Palestina. 8 maggio. L’assedio di Gaza è un crimine contro l’umanità. La perentoria affermazione è dell’ex presidente USA Jimmy Carter in un articolo pubblicato per il britannico The Guardian. «Il mondo sta assistendo a un terribile crimine contro i diritti umani a Gaza, dove un milione e mezzo di esseri umani vengono tenuti prigionieri senza quasi nessun accesso al mondo esterno. È un’intera popolazione a essere brutalmente punita». Carter ricorda a tutti che «questo macroscopico maltrattamento dei palestinesi di Gaza è stato drammaticamente intensificato da Israele, con l’aiuto degli Stati Uniti, dopo che i rappresentanti politici di Hamas avevano conquistato, nel 2006, la maggioranza dei seggi nel parlamento dell’Autorità Palestinese. Quelle elezioni vennero unanimemente giudicate eque e oneste da tutti gli osservatori internazionali». Il risultato elettorale non è stato però accettato da Washington e Tel Aviv, che hanno da allora agito per sabotare la formazione di un governo di unità nazionale tra Hamas e Fatah. «Ora, dopo una lotta intestina, è solo Hamas che controlla Gaza. Quarantuno dei quarantatre candidati vittoriosi di Hamas che vivevano in Cisgiordania sono stati imprigionati da Israele, più altri dieci che avevano assunto incarichi nel governo di coalizione dalla breve vita».

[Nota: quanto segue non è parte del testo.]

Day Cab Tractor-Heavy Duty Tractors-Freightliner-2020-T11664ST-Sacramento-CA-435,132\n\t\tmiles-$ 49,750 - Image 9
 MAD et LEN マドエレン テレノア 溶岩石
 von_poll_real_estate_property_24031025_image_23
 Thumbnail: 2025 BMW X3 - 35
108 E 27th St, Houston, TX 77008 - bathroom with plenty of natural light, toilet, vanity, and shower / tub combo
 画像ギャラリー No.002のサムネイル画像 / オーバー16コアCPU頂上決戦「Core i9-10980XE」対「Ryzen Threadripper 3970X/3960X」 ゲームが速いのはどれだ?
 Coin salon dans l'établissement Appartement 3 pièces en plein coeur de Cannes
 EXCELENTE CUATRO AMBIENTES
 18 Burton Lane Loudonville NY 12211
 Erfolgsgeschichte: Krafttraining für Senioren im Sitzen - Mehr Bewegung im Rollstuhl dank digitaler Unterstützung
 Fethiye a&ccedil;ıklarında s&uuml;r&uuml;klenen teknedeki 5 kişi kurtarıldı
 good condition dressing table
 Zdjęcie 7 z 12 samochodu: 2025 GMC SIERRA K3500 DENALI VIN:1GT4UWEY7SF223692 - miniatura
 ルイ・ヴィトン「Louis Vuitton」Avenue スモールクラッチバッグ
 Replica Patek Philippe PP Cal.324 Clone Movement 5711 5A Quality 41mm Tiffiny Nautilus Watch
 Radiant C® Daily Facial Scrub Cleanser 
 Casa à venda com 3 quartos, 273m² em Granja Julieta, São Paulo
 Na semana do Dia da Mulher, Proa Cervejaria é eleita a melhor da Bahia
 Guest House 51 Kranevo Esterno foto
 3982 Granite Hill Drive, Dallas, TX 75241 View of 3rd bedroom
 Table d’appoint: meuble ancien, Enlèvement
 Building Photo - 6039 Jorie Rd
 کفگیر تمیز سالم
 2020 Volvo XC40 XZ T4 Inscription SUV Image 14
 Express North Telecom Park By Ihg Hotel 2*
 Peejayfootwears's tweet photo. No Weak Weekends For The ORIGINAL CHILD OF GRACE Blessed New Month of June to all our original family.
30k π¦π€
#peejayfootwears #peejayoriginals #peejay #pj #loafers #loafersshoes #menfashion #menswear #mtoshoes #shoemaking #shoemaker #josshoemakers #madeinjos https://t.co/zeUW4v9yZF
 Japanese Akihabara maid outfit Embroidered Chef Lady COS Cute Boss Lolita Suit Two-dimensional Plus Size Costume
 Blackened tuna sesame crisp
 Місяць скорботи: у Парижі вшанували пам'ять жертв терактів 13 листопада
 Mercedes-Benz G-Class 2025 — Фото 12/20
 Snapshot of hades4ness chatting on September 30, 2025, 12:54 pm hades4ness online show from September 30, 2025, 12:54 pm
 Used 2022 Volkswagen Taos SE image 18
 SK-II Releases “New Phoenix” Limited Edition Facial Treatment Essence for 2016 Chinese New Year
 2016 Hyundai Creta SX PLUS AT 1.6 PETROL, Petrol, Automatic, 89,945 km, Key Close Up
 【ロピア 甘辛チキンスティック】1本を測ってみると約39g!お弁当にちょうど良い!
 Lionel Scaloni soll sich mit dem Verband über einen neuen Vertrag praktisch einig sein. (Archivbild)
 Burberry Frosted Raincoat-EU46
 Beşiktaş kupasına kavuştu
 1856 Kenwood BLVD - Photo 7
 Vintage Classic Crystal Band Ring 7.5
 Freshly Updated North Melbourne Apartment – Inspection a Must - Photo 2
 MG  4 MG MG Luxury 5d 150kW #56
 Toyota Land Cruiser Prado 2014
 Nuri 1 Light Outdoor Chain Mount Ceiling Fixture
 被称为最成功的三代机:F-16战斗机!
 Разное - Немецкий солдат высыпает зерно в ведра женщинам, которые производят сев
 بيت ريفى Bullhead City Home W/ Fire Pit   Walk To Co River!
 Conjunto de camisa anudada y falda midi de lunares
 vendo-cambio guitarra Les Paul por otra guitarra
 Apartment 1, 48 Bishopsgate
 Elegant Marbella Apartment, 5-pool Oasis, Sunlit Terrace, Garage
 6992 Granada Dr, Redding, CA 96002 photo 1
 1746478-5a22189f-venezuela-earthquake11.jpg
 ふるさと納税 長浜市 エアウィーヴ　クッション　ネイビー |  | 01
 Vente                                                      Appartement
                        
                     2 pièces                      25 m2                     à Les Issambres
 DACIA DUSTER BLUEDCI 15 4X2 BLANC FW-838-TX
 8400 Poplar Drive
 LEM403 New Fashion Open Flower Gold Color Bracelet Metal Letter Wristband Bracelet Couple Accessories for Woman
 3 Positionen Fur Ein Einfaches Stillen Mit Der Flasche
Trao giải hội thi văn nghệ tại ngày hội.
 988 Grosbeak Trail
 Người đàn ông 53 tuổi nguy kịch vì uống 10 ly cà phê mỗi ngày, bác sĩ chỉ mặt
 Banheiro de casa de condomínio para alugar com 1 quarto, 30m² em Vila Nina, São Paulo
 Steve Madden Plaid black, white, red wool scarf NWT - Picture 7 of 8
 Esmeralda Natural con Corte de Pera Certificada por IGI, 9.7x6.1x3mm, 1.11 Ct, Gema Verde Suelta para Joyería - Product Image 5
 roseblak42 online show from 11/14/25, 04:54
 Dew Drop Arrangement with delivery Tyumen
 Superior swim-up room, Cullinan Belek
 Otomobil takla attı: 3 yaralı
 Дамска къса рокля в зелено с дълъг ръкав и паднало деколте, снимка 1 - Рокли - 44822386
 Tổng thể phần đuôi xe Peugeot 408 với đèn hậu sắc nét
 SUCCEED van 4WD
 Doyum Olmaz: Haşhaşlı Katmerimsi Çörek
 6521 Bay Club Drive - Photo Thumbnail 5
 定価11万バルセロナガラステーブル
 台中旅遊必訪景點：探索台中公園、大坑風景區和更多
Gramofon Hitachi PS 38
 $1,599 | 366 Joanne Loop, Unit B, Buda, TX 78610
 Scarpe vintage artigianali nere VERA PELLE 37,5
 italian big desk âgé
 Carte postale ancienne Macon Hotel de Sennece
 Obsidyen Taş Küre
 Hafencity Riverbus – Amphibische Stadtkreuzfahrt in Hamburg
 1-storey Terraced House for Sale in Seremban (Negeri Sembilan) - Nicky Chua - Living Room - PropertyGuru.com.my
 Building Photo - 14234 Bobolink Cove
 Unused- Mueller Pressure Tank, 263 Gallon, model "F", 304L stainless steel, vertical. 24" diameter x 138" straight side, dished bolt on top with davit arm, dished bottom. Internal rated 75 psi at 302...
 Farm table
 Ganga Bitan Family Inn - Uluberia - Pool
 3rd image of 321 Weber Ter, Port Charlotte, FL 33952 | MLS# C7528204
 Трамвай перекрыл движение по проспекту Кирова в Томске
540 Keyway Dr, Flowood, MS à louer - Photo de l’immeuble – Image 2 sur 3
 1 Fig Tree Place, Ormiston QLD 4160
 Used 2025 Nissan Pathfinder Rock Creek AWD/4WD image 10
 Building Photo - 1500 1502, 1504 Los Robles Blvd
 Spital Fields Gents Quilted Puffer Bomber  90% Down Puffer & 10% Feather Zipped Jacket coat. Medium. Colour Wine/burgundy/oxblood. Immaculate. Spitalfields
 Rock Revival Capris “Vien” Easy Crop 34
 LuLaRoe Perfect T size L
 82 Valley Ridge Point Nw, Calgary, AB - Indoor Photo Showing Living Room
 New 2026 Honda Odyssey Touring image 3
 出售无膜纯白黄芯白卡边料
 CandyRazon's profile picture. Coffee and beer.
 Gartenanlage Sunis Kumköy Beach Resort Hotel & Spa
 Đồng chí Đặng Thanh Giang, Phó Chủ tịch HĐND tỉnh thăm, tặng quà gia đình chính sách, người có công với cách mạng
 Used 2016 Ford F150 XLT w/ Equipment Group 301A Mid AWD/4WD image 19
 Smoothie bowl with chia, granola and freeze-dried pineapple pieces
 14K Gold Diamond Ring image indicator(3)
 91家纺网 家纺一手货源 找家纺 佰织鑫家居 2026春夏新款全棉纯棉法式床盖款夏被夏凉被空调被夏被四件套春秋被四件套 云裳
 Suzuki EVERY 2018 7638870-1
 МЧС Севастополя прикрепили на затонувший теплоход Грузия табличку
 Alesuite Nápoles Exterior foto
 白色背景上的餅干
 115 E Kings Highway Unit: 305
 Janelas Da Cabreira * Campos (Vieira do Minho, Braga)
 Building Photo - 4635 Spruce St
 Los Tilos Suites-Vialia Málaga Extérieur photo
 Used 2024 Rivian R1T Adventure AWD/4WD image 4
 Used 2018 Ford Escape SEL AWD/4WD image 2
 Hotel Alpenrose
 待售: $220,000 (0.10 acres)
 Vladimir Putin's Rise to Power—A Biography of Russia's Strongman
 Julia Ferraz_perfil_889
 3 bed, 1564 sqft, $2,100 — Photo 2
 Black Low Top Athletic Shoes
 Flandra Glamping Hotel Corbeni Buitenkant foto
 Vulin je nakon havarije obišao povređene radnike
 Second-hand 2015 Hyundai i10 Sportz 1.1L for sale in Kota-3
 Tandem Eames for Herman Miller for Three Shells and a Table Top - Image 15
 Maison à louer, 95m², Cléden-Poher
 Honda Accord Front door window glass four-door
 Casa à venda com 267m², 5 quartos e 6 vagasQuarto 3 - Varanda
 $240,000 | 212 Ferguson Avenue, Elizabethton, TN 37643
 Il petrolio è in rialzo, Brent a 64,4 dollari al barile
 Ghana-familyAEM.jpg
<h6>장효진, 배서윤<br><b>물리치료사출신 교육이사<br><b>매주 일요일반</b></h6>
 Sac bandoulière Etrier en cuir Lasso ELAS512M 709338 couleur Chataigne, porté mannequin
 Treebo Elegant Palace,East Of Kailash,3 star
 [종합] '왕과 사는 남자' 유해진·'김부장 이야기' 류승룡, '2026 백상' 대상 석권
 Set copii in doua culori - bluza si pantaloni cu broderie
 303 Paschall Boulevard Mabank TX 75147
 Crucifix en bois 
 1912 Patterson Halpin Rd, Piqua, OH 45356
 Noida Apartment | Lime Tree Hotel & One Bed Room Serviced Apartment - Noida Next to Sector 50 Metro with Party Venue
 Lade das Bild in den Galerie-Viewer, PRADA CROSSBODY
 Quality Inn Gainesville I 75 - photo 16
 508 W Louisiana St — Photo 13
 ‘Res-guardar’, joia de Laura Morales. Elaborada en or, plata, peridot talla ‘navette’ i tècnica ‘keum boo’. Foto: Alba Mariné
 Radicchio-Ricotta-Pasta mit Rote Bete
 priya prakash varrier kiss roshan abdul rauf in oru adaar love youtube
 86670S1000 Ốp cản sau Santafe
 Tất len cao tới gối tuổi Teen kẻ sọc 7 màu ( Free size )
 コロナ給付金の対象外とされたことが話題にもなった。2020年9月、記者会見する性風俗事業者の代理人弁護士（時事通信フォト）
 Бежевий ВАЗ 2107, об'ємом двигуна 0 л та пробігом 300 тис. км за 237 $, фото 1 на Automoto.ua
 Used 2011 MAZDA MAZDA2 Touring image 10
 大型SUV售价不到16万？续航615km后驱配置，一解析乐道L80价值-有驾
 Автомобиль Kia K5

All’interno della Striscia di Gaza Carter constata che «le sanzioni economiche e le restrizioni sul rifornimento di acqua, cibo, elettricità e carburante stanno provocando sofferenze estreme tra la popolazione innocente di Gaza, di cui un milione circa è costituita da profughi. Le bombe e i missili israeliani colpiscono la zona regolarmente, provocando un alto numero di vittime sia tra i militanti che tra le donne e i bambini innocenti. Prima dell’uccisione, di cui si è molto parlato, di una donna e dei suoi quattro bambini la scorsa settimana, questa situazione era stata illustrata da un rapporto di B’Tselem, la principale organizzazione israeliana per i diritti umani, secondo la quale sono stati uccisi 106 palestinesi tra il 27 febbraio e il 3 marzo. Cinquantaquattro di essi erano civili, e 25 avevano meno di 18 anni». L’ex presidente USA scrive pure del suo recente viaggio in Medio Oriente, nel corso del quale si è incontrato con alcuni capi di Hamas, spronandoli a dichiarare un cessate-il-fuoco unilaterale. «Mi hanno risposto che in passato un tale passo da parte loro non è stato ricambiato, e mi hanno ricordato che Hamas aveva a suo tempo insistito per un cessate-il-fuoco in tutta la Palestina, incluse Gaza e Cisgiordania, proposta rifiutata da Israele. Dopodiché Hamas inoltrò una proposta pubblica di cessate-il-fuoco reciproco limitato alla sola Gaza, anch’essa respinta da Israele». In conclusione dell’articolo Carter ribadisce che è l’occupante Israele ad impedire qualsiasi soluzione di pace in Palestina. «Tutte le nazioni arabe hanno acconsentito a riconoscere Israele senza riserve se essa accetterà le risoluzioni-chiave delle Nazioni Unite. Hamas ha accettato ogni accordo di pace tra il presidente dell’Autorità Palestinese, Mahmoud Abbas, e il primo ministro israeliano Ehud Olmert, purché venga sottoposto all’approvazione di un referendum da parte del popolo palestinese. In questo c’è una promessa di progresso ma, nonostante la breve fanfara e le dichiarazioni ottimiste della conferenza di pace lo scorso novembre ad Annapolis, il processo di pace è regredito. Sono state annunciate 90.000 nuove unità abitative israeliane nei territori occupati; il numero dei blocchi stradali dentro la Cisgiordania è aumentato; e lo strangolamento di Gaza è stato rafforzato».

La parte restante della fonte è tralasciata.